Three microarray datasets (GSE51472, GSE12644 and GSE83453) and one RNA sequencing dataset (GSE153555) were obtained from the Gene Expression Omnibus (GEO) database. Pyroptosis-related differentially expressed genes (DEGs) were identified between the calcified and the normal valve samples. LASSO regression and random forest (RF) machine learning analyses were performed to identify pyroptosis-related DEGs with diagnostic value. A diagnostic model was constructed with the diagnostic candidate pyroptosis-related DEGs. Receiver operating characteristic (ROC) curve analysis was performed to estimate the diagnostic performances of the diagnostic model and the individual diagnostic candidate genes in the training and validation cohorts. CIBERSORT analysis was performed to estimate the differences in the infiltration of the immune cell types.
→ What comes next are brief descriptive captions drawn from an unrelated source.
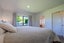 24 Rowe Road, Whatawhata - Carousel 6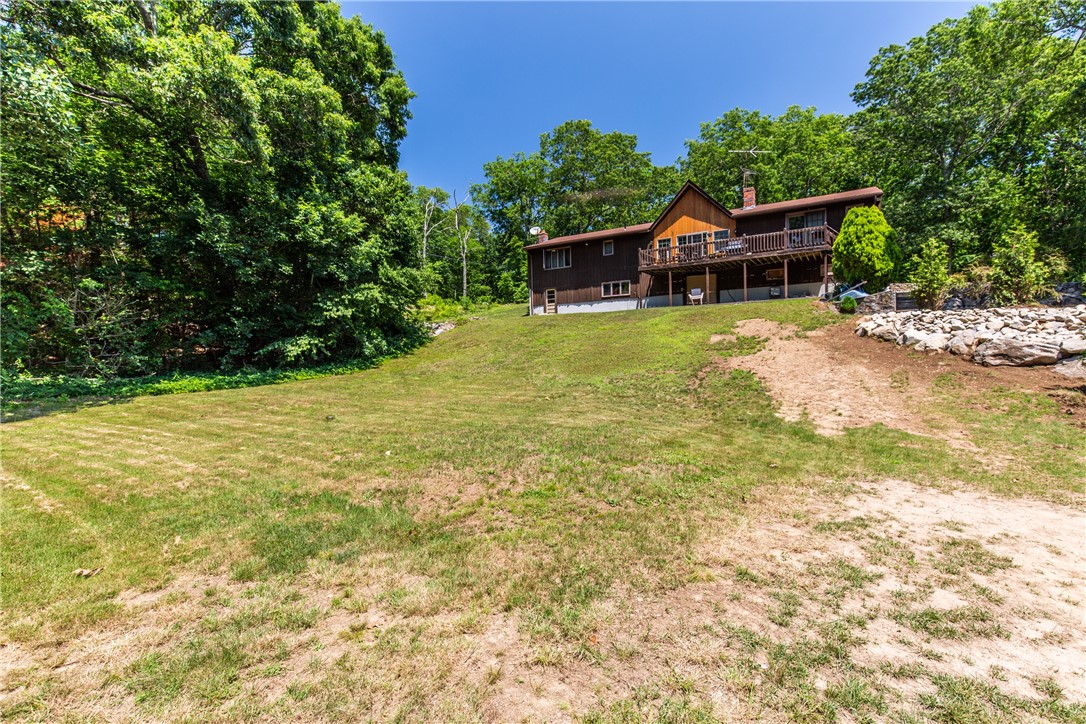 8 Evans Road Smithfield, RI 02814 - Photo 28 of 31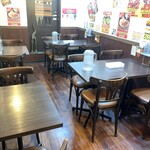 ターリー屋 - 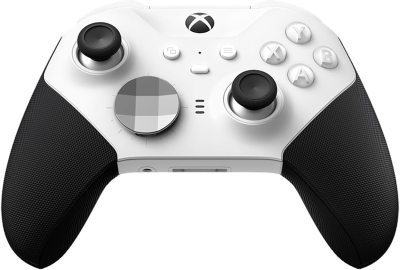 Безжичен геймпад Microsoft Xbox Elite Series 2 Core - EP2-34099 gallery image 1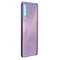 Bakeey Glass Battery Housing Spare Replacement Part Rear Case Cover with Tools for Xiaomi Mi 9 / Xiaomi Mi9 Transparent Edition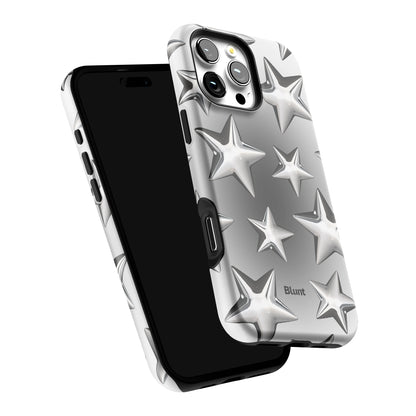 Stellith iPhone Case gallery - Iphone_16_Pro_Max_6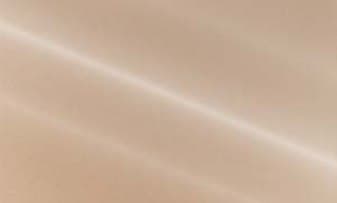 Nude Gleam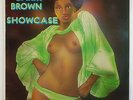 Barry Brown 
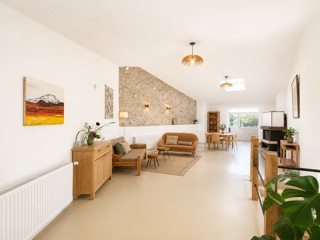  Maison à vendre 6 pièces 205 m²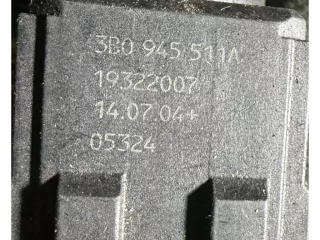 3b0945511a Датчик педали тормоза (лягушка) Volkswagen Passat B5 Арт 58859, вид 5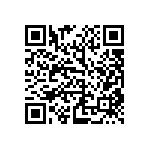 1-5SMC15AHE3-9AT QRCode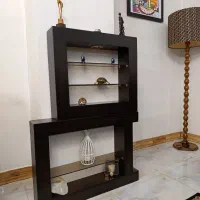 باکس دکوری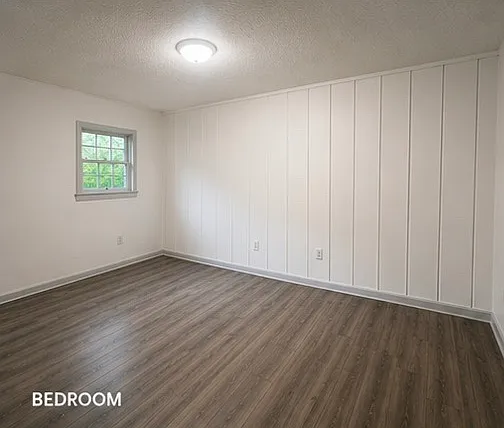 5440 N Peachtree Rd — Photo 2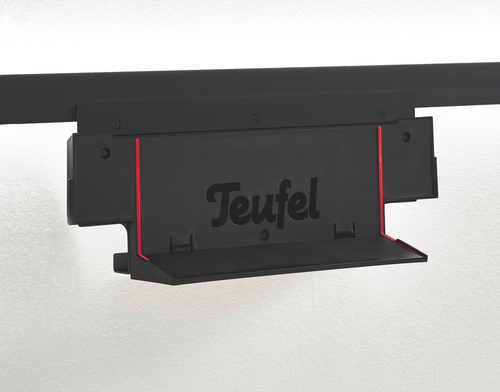 Adapterhalter Sign Emotion SEAH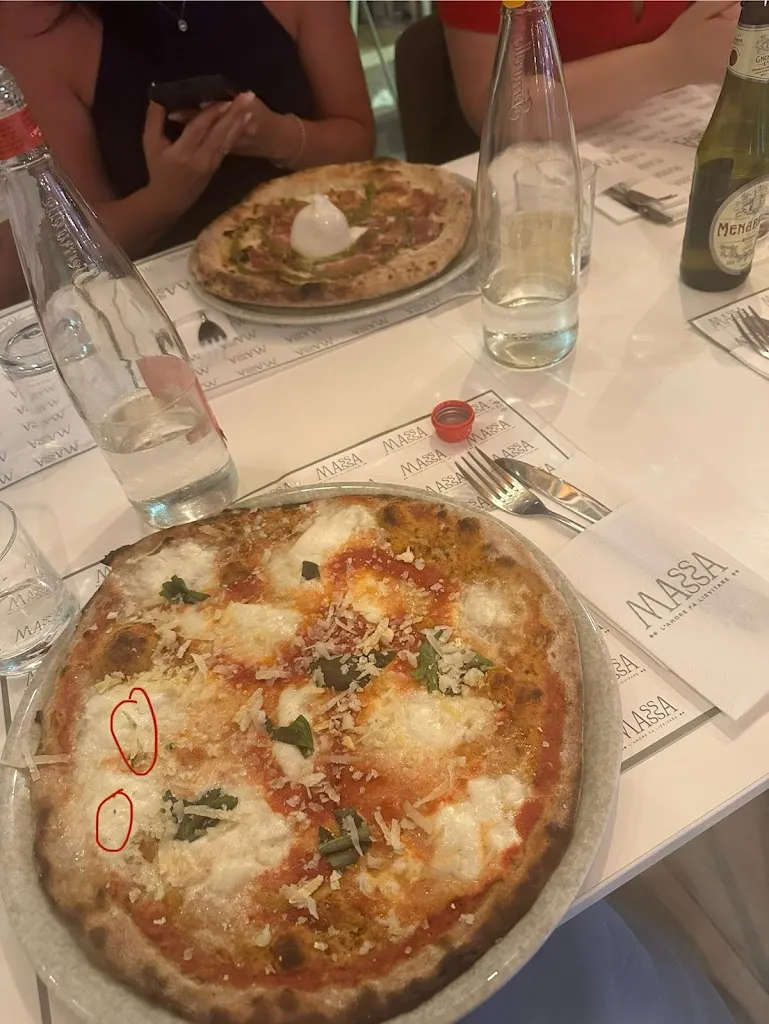 Massa_Noicattaro_slider_image_3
Pearson correlation analysis was used to investigate associations between the diagnostic biomarkers and the immune cell types. Immunohistochemistry was used to validate protein concentration.
We identified 805 DEGs, including 319 down-regulated genes and 486 up-regulated genes. These DEGs were mainly enriched in pathways related to the inflammatory responses. Subsequently, we identified 17 pyroptosis-related DEGs by comparing the 805 DEGs with the 223 pyroptosis-related genes. LASSO regression and RF algorithm analyses identified three CAVD diagnostic candidate genes (TREM1, TNFRSF11B, and PGF), which were significantly upregulated in the CAVD tissue samples. A diagnostic model was constructed with these 3 diagnostic candidate genes. The diagnostic model and the 3 diagnostic candidate genes showed good diagnostic performances with AUC values >0.75 in both the training and the validation cohorts based on the ROC curve analyses. CIBERSORT analyses demonstrated positive correlation between the proportion of M0 macrophages in the valve tissues and the expression levels of TREM1, TNFRSF11B, and PGF.
Three pyroptosis-related genes (TREM1, TNFRSF11B and PGF) were identified as diagnostic biomarkers for CAVD. These pyroptosis genes and the pro-inflammatory microenvironment in the calcified valve tissues are potential therapeutic targets for alleviating CAVD.
钙化性主动脉瓣疾病(CAVD)是最常见的瓣膜疾病之一,也是心脏手术的第二大常见病因。然而,CAVD的发病机制仍不清楚。本研究旨在通过全面的生物信息学分析,探讨焦亡相关基因在CAVD中的作用。
从基因表达综合数据库(GEO)中获取三个微阵列数据集(GSE51472、GSE12644和GSE83453)和一个RNA测序数据集(GSE153555)。在钙化瓣膜样本和正常瓣膜样本之间鉴定焦亡相关差异表达基因(DEGs)。进行LASSO回归和随机森林(RF)机器学习分析,以鉴定具有诊断价值的焦亡相关DEGs。用诊断候选焦亡相关DEGs构建诊断模型。进行受试者工作特征(ROC)曲线分析,以评估诊断模型和单个诊断候选基因在训练和验证队列中的诊断性能。进行CIBERSORT分析,以评估免疫细胞类型浸润的差异。采用Pearson相关分析研究诊断生物标志物与免疫细胞类型之间的关联。采用免疫组织化学法验证蛋白浓度。
我们鉴定出805个DEGs,包括319个下调基因和486个上调基因。这些DEGs主要富集于与炎症反应相关的通路。随后,通过将805个DEGs与223个焦亡相关基因进行比较,我们鉴定出17个焦亡相关DEGs。LASSO回归和RF算法分析鉴定出三个CAVD诊断候选基因(TREM1、TNFRSF11B和PGF),它们在CAVD组织样本中显著上调。用这3个诊断候选基因构建诊断模型。基于ROC曲线分析,诊断模型和3个诊断候选基因在训练和验证队列中均显示出良好的诊断性能,AUC值>0.75。CIBERSORT分析表明,瓣膜组织中M0巨噬细胞的比例与TREM1、TNFRSF11B和PGF的表达水平呈正相关。
三个焦亡相关基因(TREM1、TNFRSF11B和PGF)被鉴定为CAVD的诊断生物标志物。这些焦亡基因和钙化瓣膜组织中的促炎微环境是缓解CAVD的潜在治疗靶点。